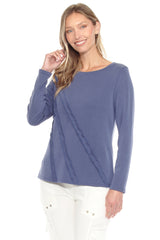 Diagonal Trim Accent Pullover - CARINE
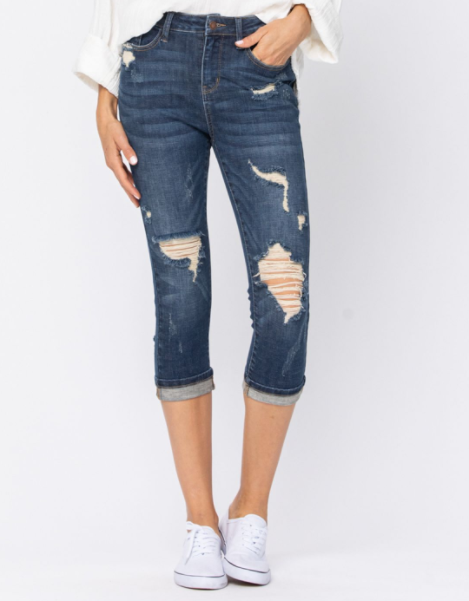 Judy Blue "Hey Shorty" Mid Rise Distressed Capri-Lola Monroe Boutique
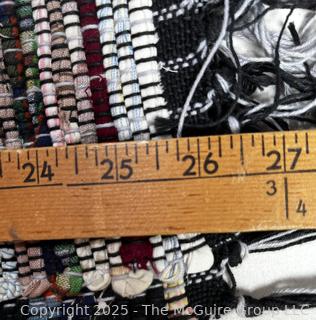 Cotton Rag Rug on Black Ground. 27" x  54"
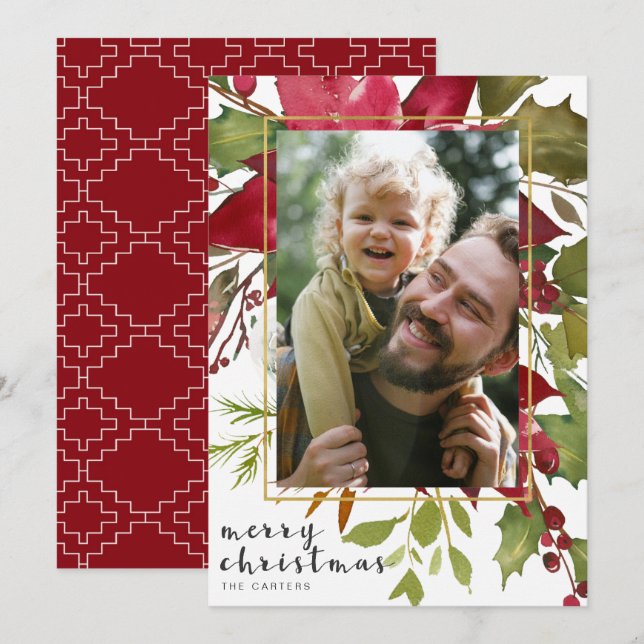 Tarjeta de Navidades fotográficos de la sucursal d (Anverso / Reverso)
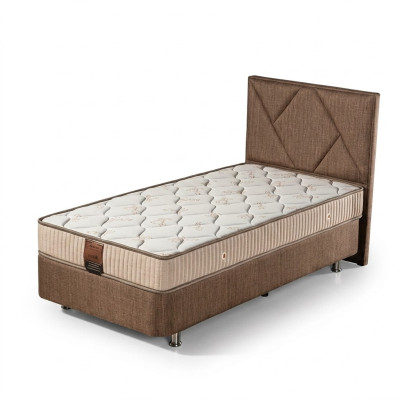 Elegantes braunes Bett mit Matratze aus Textil und Edelstahl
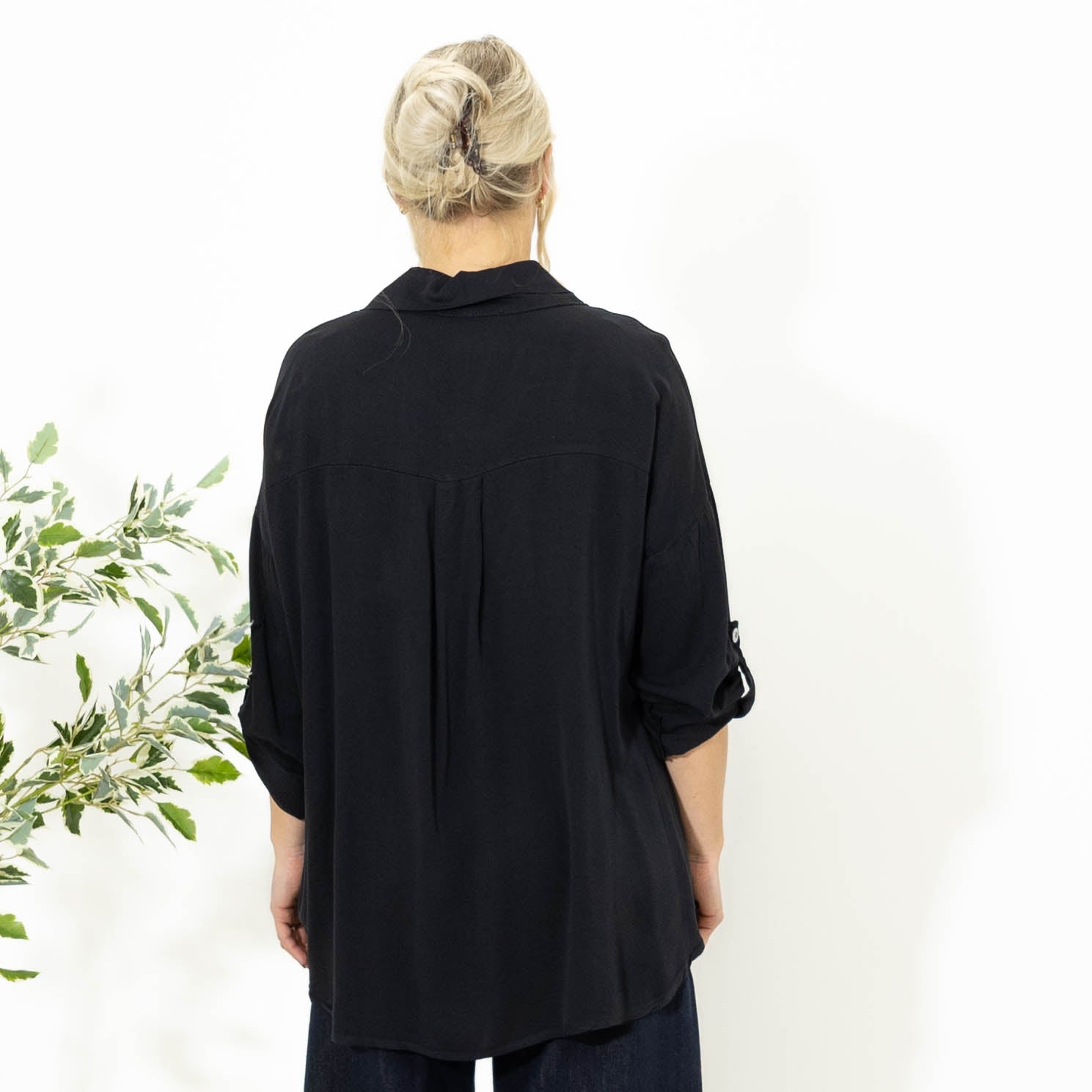 Fiona viskose overdel, Sort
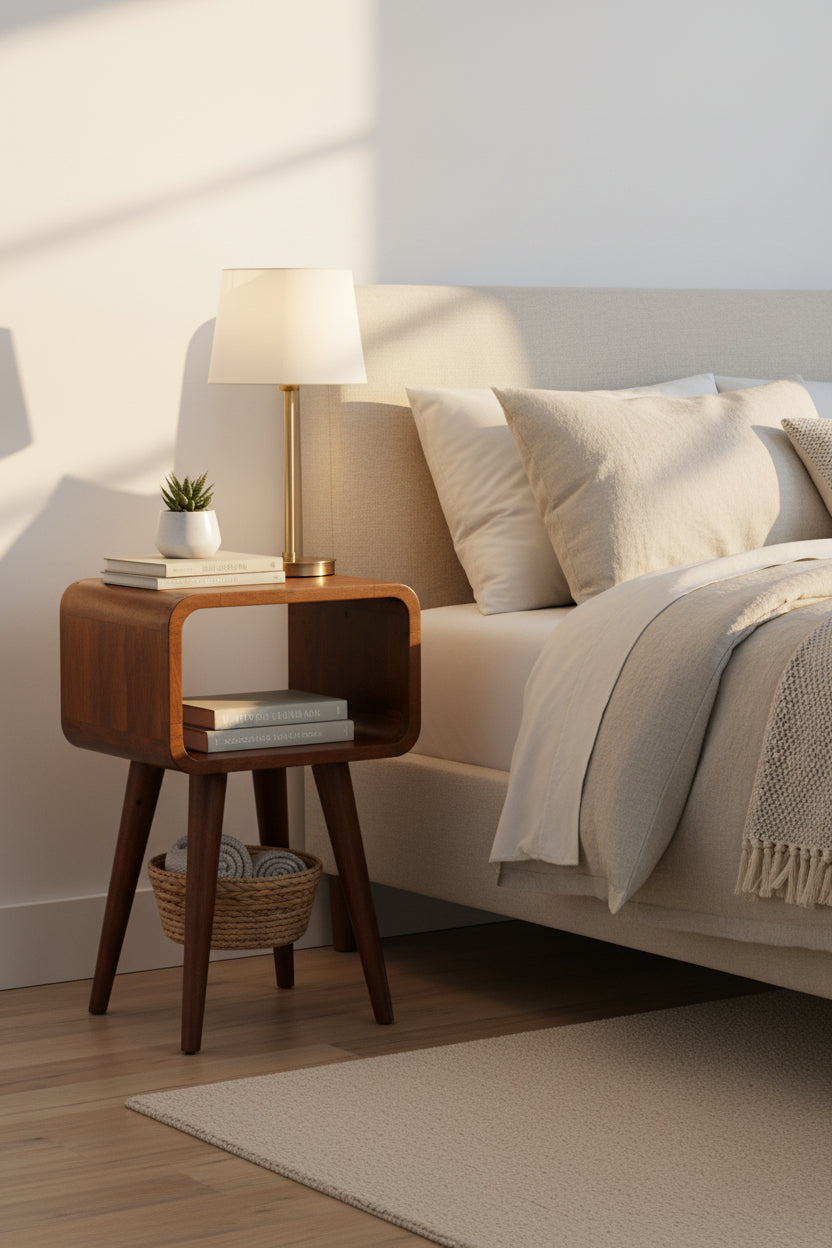 Mini Chestnut Curved Open Nightstand - Solid Mango Wood-Nightstand-DECOROLALA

(WORK TASK):
Write each line exactly as it appears, from the line that holds "Tarjeta de Navidades" through the closing line of the data above, and leave every picture out.

(YOUR RESPONSE):
 Tarjeta de Navidades fotográficos de la sucursal d (Anverso / Reverso)
 Elegantes braunes Bett mit Matratze aus Textil und Edelstahl
 Fiona viskose overdel, Sort
 Mini Chestnut Curved Open Nightstand - Solid Mango Wood-Nightstand-DECOROLALA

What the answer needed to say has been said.